## ENTRIES PROVIDED
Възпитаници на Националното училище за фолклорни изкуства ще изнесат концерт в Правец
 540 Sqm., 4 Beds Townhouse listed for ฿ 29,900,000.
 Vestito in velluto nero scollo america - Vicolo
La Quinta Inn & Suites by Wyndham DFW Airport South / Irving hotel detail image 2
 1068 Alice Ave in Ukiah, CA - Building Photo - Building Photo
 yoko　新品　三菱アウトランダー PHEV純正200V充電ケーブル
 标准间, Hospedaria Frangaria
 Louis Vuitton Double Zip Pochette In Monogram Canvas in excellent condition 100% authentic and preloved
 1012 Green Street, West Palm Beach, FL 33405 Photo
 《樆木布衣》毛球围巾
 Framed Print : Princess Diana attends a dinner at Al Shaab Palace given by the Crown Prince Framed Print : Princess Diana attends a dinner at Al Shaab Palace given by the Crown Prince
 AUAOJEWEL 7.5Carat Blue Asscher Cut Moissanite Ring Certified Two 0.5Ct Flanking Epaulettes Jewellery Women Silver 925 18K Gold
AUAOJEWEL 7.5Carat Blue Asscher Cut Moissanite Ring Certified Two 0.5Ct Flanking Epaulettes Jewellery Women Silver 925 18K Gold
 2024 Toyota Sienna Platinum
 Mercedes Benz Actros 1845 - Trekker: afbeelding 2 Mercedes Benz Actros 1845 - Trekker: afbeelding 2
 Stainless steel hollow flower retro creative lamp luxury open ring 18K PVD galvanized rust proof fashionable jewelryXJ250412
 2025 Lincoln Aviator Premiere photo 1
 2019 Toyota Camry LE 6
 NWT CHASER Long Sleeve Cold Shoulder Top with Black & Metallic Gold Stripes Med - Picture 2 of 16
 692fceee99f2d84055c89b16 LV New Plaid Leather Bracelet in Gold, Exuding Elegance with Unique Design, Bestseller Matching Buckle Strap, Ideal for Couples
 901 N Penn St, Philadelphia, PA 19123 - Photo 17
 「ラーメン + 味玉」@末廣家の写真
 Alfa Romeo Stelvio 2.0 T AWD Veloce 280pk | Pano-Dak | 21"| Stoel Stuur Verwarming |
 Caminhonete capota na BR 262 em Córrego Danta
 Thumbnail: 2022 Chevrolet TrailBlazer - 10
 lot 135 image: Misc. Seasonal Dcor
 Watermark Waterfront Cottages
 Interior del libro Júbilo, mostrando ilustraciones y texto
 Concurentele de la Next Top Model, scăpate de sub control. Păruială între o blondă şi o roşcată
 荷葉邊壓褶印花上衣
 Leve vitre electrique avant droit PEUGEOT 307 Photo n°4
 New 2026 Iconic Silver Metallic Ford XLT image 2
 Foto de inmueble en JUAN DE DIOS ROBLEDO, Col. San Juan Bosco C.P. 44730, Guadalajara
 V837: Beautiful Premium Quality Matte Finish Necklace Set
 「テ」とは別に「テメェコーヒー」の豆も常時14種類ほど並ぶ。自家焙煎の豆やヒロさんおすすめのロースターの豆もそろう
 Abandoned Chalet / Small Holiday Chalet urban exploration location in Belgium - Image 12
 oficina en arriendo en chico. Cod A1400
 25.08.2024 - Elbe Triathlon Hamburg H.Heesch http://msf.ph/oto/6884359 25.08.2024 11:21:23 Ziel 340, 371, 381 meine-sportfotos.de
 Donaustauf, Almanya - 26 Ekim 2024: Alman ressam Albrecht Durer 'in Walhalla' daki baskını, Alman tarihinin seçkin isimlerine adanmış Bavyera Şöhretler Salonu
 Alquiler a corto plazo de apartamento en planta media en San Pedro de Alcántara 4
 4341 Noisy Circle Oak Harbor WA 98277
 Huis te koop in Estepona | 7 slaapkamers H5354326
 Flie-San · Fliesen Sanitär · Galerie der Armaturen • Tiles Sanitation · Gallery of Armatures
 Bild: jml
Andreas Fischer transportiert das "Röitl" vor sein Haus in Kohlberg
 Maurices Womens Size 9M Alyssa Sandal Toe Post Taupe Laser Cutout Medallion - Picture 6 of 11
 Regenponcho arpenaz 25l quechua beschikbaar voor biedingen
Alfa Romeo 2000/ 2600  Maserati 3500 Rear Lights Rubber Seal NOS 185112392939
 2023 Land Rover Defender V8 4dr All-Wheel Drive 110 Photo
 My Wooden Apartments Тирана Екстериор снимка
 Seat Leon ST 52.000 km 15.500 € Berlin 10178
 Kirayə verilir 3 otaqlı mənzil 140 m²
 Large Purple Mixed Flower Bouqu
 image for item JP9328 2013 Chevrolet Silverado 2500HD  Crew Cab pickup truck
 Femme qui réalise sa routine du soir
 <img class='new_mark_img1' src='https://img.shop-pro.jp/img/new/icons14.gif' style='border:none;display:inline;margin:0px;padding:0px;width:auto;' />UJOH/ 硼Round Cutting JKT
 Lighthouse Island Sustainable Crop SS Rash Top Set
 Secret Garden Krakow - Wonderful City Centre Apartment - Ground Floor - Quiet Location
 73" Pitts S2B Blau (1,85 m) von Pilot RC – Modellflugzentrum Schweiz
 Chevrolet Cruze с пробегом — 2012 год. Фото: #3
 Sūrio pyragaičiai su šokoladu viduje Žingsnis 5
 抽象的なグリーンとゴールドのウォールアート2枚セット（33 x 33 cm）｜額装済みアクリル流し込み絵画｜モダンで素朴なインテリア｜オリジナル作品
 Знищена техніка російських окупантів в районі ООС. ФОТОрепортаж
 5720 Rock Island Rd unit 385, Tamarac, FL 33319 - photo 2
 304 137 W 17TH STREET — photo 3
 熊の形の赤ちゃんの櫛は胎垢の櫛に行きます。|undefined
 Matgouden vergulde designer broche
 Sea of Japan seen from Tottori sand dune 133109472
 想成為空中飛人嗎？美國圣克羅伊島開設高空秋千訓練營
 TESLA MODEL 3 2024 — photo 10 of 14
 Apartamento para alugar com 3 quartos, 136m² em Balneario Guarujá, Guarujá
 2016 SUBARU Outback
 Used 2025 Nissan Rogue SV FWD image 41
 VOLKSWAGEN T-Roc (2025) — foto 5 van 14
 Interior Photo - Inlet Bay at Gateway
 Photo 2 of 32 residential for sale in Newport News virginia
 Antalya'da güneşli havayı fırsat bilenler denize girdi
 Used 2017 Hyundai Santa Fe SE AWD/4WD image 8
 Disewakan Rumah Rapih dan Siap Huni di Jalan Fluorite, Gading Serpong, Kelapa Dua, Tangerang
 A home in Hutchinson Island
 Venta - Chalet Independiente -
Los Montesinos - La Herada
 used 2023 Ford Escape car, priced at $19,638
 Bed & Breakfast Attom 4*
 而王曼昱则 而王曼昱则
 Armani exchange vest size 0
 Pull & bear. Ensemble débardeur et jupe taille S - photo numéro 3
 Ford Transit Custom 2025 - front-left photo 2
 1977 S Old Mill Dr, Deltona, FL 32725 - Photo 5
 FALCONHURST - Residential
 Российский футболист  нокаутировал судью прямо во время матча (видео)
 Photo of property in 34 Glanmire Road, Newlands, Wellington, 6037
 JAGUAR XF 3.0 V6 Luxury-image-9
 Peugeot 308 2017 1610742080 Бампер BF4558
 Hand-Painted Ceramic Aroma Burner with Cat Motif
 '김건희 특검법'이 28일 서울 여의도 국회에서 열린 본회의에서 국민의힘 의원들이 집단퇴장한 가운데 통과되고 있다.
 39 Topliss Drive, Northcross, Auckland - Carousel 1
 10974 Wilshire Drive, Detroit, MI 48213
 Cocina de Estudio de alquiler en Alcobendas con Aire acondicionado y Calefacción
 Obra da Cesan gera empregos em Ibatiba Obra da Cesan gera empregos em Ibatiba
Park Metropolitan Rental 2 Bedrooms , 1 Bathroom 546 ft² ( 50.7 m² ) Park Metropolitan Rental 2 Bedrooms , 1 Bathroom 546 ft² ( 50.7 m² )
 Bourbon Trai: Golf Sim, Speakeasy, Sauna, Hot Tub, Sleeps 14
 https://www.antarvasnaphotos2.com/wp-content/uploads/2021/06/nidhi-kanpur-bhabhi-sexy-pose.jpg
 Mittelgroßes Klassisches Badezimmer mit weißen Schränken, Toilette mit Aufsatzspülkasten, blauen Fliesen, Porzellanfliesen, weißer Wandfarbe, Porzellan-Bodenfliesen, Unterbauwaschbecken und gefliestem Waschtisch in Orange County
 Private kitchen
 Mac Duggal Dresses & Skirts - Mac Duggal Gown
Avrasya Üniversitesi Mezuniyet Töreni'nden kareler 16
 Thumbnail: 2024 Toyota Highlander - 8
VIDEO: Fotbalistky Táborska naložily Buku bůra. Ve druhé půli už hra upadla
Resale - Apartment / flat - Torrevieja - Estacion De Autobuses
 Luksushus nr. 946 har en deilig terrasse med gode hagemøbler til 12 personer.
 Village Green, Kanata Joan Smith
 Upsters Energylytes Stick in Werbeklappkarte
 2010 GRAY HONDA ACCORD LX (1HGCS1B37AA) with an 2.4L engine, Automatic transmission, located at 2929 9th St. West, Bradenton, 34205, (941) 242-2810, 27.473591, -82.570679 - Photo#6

## YOUR OBJECTIVE
Filter these records, keeping every line where the word "Interior" occurs.

## TASK RESPONSE
 Interior del libro Júbilo, mostrando ilustraciones y texto
 Interior Photo - Inlet Bay at Gateway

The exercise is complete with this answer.